Street Gang: How We Got to Sesame Street ***1/2
Having just last year read a biography of Jim Henson, I wondered if Marilyn Agrelo’s documentary wouldn’t offer me much that was new; it turns out that her adaptation of Michael Davis’s book is all about changing the narrative that “Jim Henson + Muppets = Sesame Street
.” Agrelo digs deep into the team that in the late 1960s developed the radical premise that pre-school children—specifically pre-school children in economically disadvantaged communities—could learn from television: producer Joan Ganz Cooney; director Jon Stone; Lloyd Morrisett and the educators who eventually formed the Children’s Television Workshop. It’s certainly not that Henson is given short shrift, as Street Gang
gives plenty of credit to the Muppets’ appeal for the out-of-the-box popularity of the show, and even notes how Henson’s background using the Muppets for commercials made him a good fit for the show’s philosophy of applying advertising principles to early childhood education. This documentary simply fills out the picture, tipping a hat to folks like composer Joe Raposo and all of those behind the scenes who took a chance on a concept that was made for a diverse country, with a cast that looked like a diverse country. The result is a portrait of a creative family dedicated to a crazy concept that succeeded beyond any of their wildest dreams. Available April 30 in theaters; available May 7 via VOD.

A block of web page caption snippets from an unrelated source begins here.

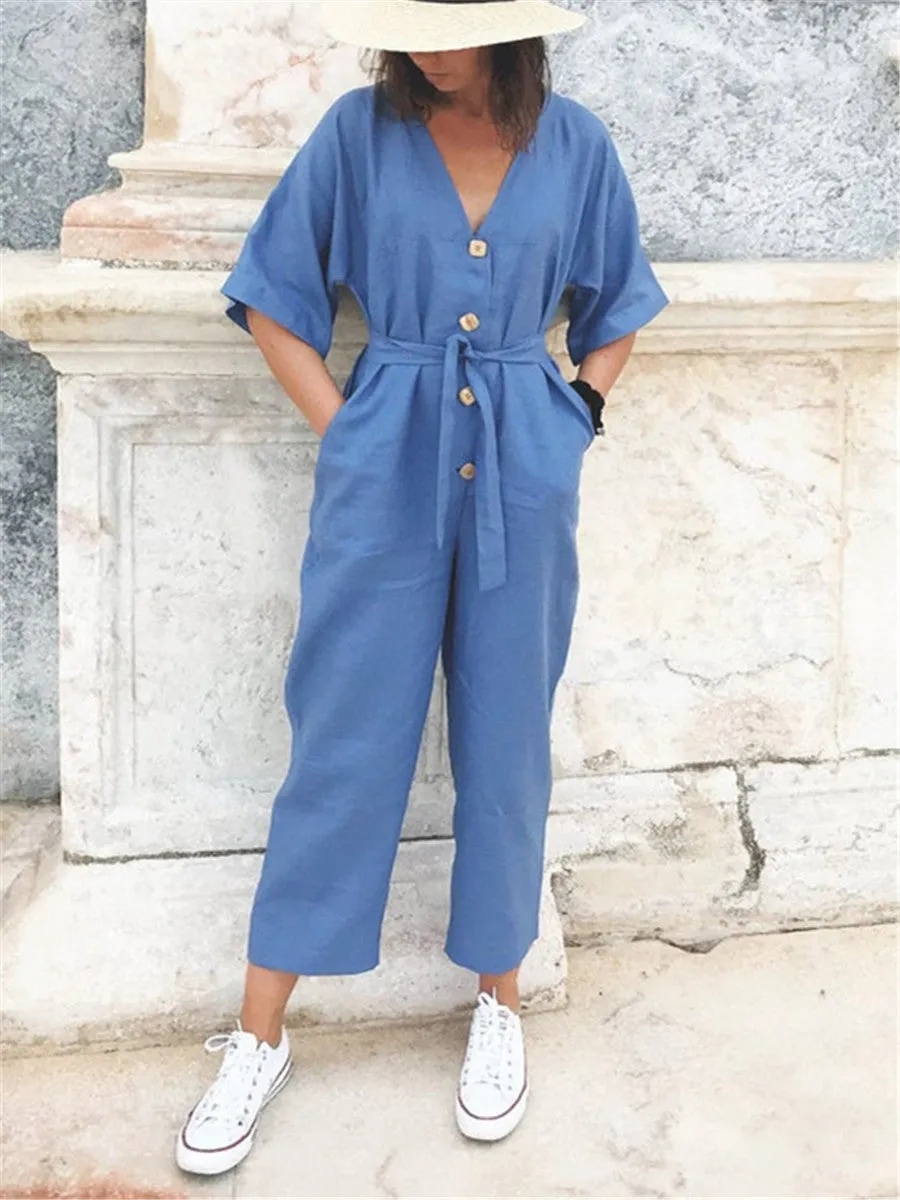 Casual Fashion Solid Color Decorative Buckle V Neck Jumpsuits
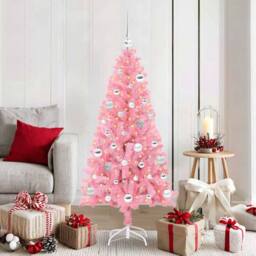 Berkfield Home Lush Christmas Tree with 150 LEDs with Stand Pink 150 cm PVC - thumbnail 2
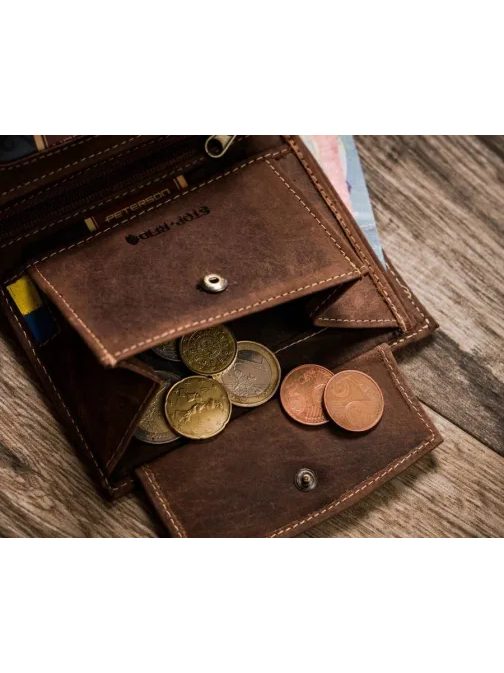 Moderna rjava usnjena denarnica Peterson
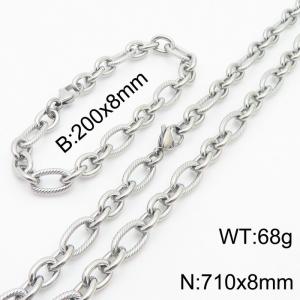 Personalized steel color 710 * 8mm O-chain titanium steel set - KS215188-Z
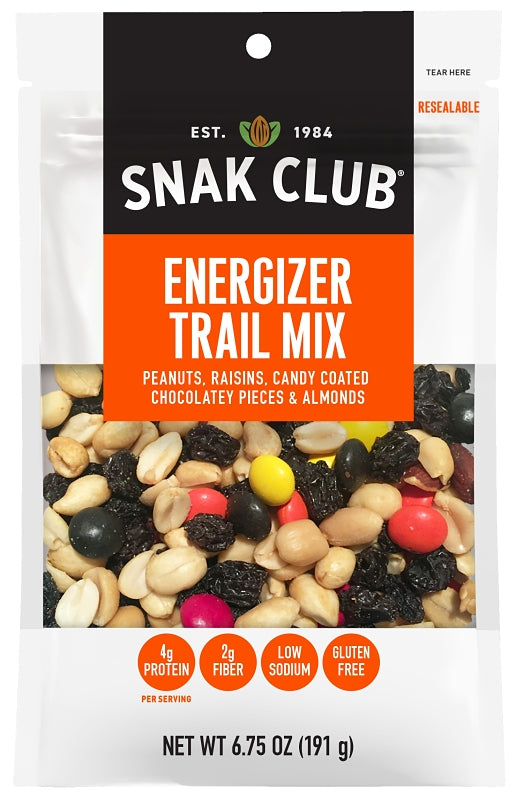 Snak Club 700571 Energizer Trail Mix, Unsalted, 6.75 oz, Bag, Pack of 6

Tom Clancy’s Without Remorse **1/2
Jamie Bell and Michael B. Jordan in Tom Clancy's Without Remorse
Perhaps it’s best not to expect anything from sturdy military thrillers besides sturdiness, and that’s the backbone of this adaptation of the crown prince of sturdy military thrillers. Michael B. Jordan plays John Kelly, a Navy SEAL Senior Chief who participates in an operation in Syria that turns his family into a target of Russian operatives—and turns Kelly into a vengeance-seeking machine. Most of what works here depends entirely on the charisma of Jordan, who keeps the humanity—and a welcome physical vulnerability—in a character who could have turned into a standard-issue unstoppable violence machine. Director Stefano Sollima (Sicario: Day of the Soldado
) puts together a few effectively tense set pieces, particularly one involving a rapidly-sinking downed plane, though the climactic battle drags out in a way that doesn’t quite build the necessary intensity. Mostly, it feels like the attempts at inserting statements about geopolitics and real patriotism—much of it revolving around the shady character of a CIA operative (Jamie Bell)—bump up against the meat-and-potatoes stuff without adding depth to it. Patriotism in the 21st century might be a murky business, but Without Remorse
gives its hero a mission that explores that murkiness in only the most superficial way. Available April 30 via Amazon Prime.
The Virtuoso *1/2
Late in the first act of director Nick Stagliano’s tough-guy thriller, Anthony Hopkins—playing the veteran Mentor of a hired assassin referred to only as The Virtuoso (Anson Mount, sporting a graying beard and looking for all the world like he’s cosplaying “Ben Affeck as Bruce Wayne in a peacoat meeting Aquaman”)—gets the kind of monologue that makes it clear why a great actor would waste his time on such a grim slog. The principal plot finds Mount’s assassin on a mysterious job, in the wake of a hit that went bad and resulted in the death of an innocent bystander. That sort of emerging conscience is supposed to provide the movie’s character arc, as we’re expected to connect with this murderer because he feeds a stray dog and screams in frustration. It’s a potentially amusing touch that The Virtuoso has to practice in the mirror making faces expressing normal human emotion, except that even when Mount is supposed to be acting “normal,” he radiates the same icy demeanor represented by a guy who wears a black suit and tie to his hits, and shares his professional process in monotonous voice-over narration. Talented folks like Abbie Cornish, David Morse and Eddie Marsan can’t add any spark to all the deadly, style-deficient self-seriousness, but maybe that Hopkins monologue will show up on YouTube someday and you can appreciate a master at work. Available April 30 in theaters and via VOD.